Eggs and salad

Jun 23, 2011

Garden ACTIVITY: The children each got to plant an assortment of lettuce seedlings. One of the children said proudly, “I’m planting salad!” Jane brought some wonderfully colourful pinwheels for the children to also plant in the garden. “The pinwheels keep the plants safe from birds who want to eat them.”

Animal Ativity: Feed the chickens in the chicken coup and collect an egg to take home. This was an important follow-up from last week because a couple of the children had an encounter with the chickens pecking their fingers when they were feeding them grass through the fencing. So this was BIG to go into the coup and be surrounded by the hens. They needed to feed them seed; they could either sprinkle it on the ground or have them eat it from their hand. At first they just threw it at the chickens and they saw how the chickens ran away. But soon they learned that if they “sprinkled” it, the chickens would come closer. Some were brave and held their hand out and the chickens pecked the seed from their hand. It was a bit scary because the chickens move in so fast and peck kinda hard. One girl came up with a solution to put the seed on her boot so the chickens would get close but her hand would be safe. THEN we had the highlight of the day: collect an egg that was laid that morning to take home. We had little baskets that they could place their egg in. One volunteer suggested lining the basket with grass to protect the egg so they did. Then there were lots of questions, “Which chicken laid the eggs?” “Will they grow into chickens?” “Why are there only 4?” “how did they get here?” One thing you could hear the volunteers saying, “You have to be careful or it will break.” And BOY OH BOY were these children careful!!
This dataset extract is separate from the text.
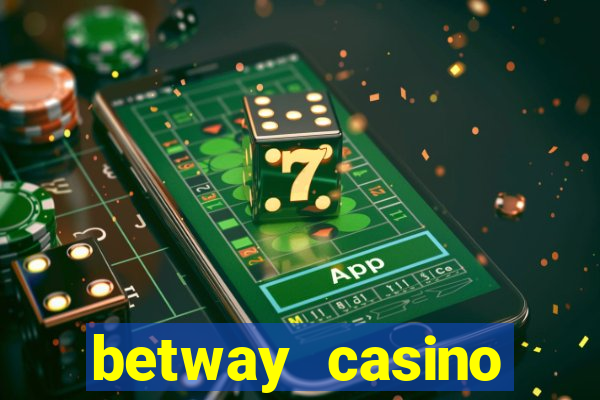 betway casino review nj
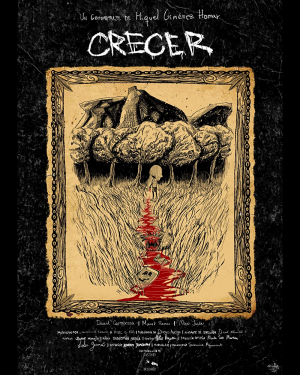 Crecer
After carrying the egg back to the garden, we suggested they put their name on it and put it in an egg carton to take home. The children did more than just write THEIR name it: they gave it its own name and wrote that name on it, drew flowers and rainbows on it, made a bed of grass in the carton, kissed it, covered it with a leaf-blanket, talked about incubating it into a baby chick, and on and on….. Imagine their horror when we suggested they scramble it the next day and eat it!! At our closing circle, the volunteers emphasized the dangers of keeping the egg in their bedroom… one suggested poking a small hole to drain out the inside and then they could keep the shell forever. That was received about as good as the “eat it” suggestion.